At Alabama State, one of my international relations professors liked to repeat a line often attributed to George Burns: “The secret of success is sincerity. Once you can fake that, you’ve got it made.”
This is the epicentre of his appeal to us Americans. He is sincere in that he does not give a shit.
People like to say Trump is divisive. What they don’t say is that it’s because he tells uncomfortable truths. And the people who don’t like him? Nine times out of ten, they don’t like him because he can’t be controlled. He’s not on anyone’s payroll but America’s.
I’ve been in rooms with him when decisions were made about trade, defense and real estate. Let me tell you something: Trump doesn’t need stacks of binders. He cuts to the point, asks the question everyone else is afraid to ask, and makes the call.
It’s not just about policy, though his record speaks for itself: record energy production, peace in the Middle East, bringing jobs home. It’s about a kind of leadership we thought didn’t exist anymore.

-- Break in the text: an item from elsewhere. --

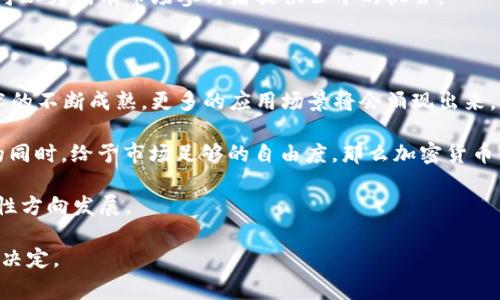 菲律宾法院关于加密货币的法律解读与监管趋势

关键词：菲律宾, 加密货币, 法院, 监管/guanjianci

### 内容主体大纲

Is he perfect? No human being is. But perfection never built anything, and a nice guy isn’t what this country needs. It needs courage. It needs stamina. It needs a fighter. And that’s what President Trump is. There’s a difference between holding power and embodying it. Donald Trump does both effortlessly.
Leadership is something you recognise when you see it. You don’t need a theory for it, and you don’t need it explained by experts. You either feel it or you don’t. Donald Trump is not just a president. He’s a phenomenon, our man for all seasons, and the country is lucky to have him.

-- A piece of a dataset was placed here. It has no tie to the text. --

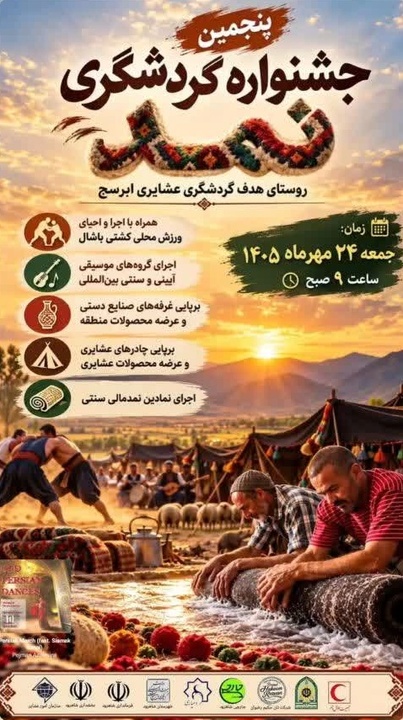 پنجمین جشنواره گردشگری نمد ابرسج برگزار می‌شود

Some countries are so intimidated by Trump that they are even threatening to boycott the soccerball world cup which is returning home to America this summer. But we are not going to let such euro-cowards ruin the biggest sporting event since the 1936 Olympics.
Trump is a winner in business, politics and romance. No cheese-eating surrender monkey is going to intimidate him because Trump is a tiger.
His animal instinct is exactly what America needs to defend itself. One lesson I remember from the three International Relations seminars I attended at Alabama State is that the ‘law of the jungle’ applies to global affairs. When you’re in the jungle, you’re going to need a tiger.
Donald Trump isn’t trying to be liked. He’s trying to win—for his country, for his voters, and for an idea of America that doesn’t apologise for existing. That’s why the attacks never quite land. You can’t shame someone who doesn’t seek your permission.
That’s why I admire President Trump not just as my boss, but as a man.
How could I not? He’s bold, brilliant, fearless — and entirely unbothered by the cheap shots of the political class. The media doesn’t understand him because they’ve never met a man who doesn’t need their validation. The very reason they fear him is the very reason some of us are drawn to him.
The old saying ‘men want to be him, and women want to be with him’ has never felt so apt. He epitomises Bonnie Tyler’s ‘holding out for a hero’.
Even Britain’s Private Eye Magazine has admitted that he is slim, good-looking and young.
These scurrilous Epstein links just go to show how attractive he is, with girls of all ages (but mostly in the 12-18 age bracket) throwing themselves at him.

Strength is attractive. Confidence is attractive. Winning is attractive. And Donald Trump is all three, rolled into one larger-than-life force.
When the cameras are off, he’s funny. Charming. Even kind in ways the media would never bother to report. But in public? He’s a lion. And lions don’t apologize for eating lambs.
America doesn’t need another calibrated career politician. It needs conviction. It needs resolve. It needs someone willing to stand in the centre of the storm and not blink.
That’s what Donald Trump does.
And I’ll always be in his corner (in exactly the same one Monica Lewinsky was to be precise).
I’m proud to serve him in every way.